### Information provided
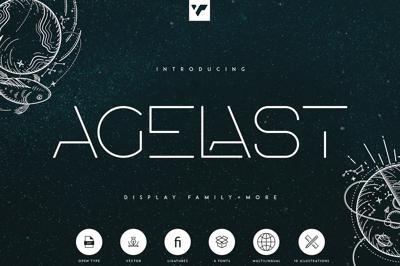 Agelast Display Family + 10 Graphics Free Download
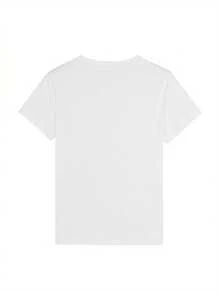 Comfy Cotton Blend Chic Sewing Machine Graphic Tee For Women - Crew Neck, Short Sleeve, Non-See-Through, Machine Washable Casual Top - White - View 2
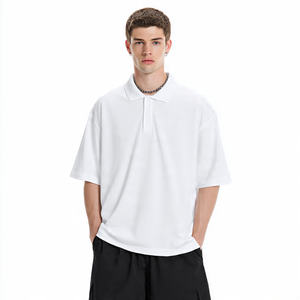 Button Down <b>Drop</b> Shoulder Polo Shirt Men Summer Short Sleeve Polo Shirts Men's 100% Cotton Polyester Polo T Shirt Mens - Product Image 4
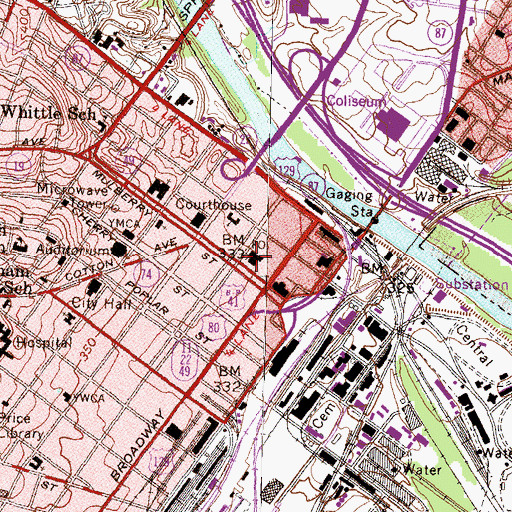 Topographic Map of Macon Post Office, GA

### Task to carry out
An exact copy is needed of only the lines from the top of the material through the line with "Button Down <b>Drop</b>"; no pictures belong in it.

### Exercise output
 Agelast Display Family + 10 Graphics Free Download
 Comfy Cotton Blend Chic Sewing Machine Graphic Tee For Women - Crew Neck, Short Sleeve, Non-See-Through, Machine Washable Casual Top - White - View 2
 Button Down <b>Drop</b> Shoulder Polo Shirt Men Summer Short Sleeve Polo Shirts Men's 100% Cotton Polyester Polo T Shirt Mens - Product Image 4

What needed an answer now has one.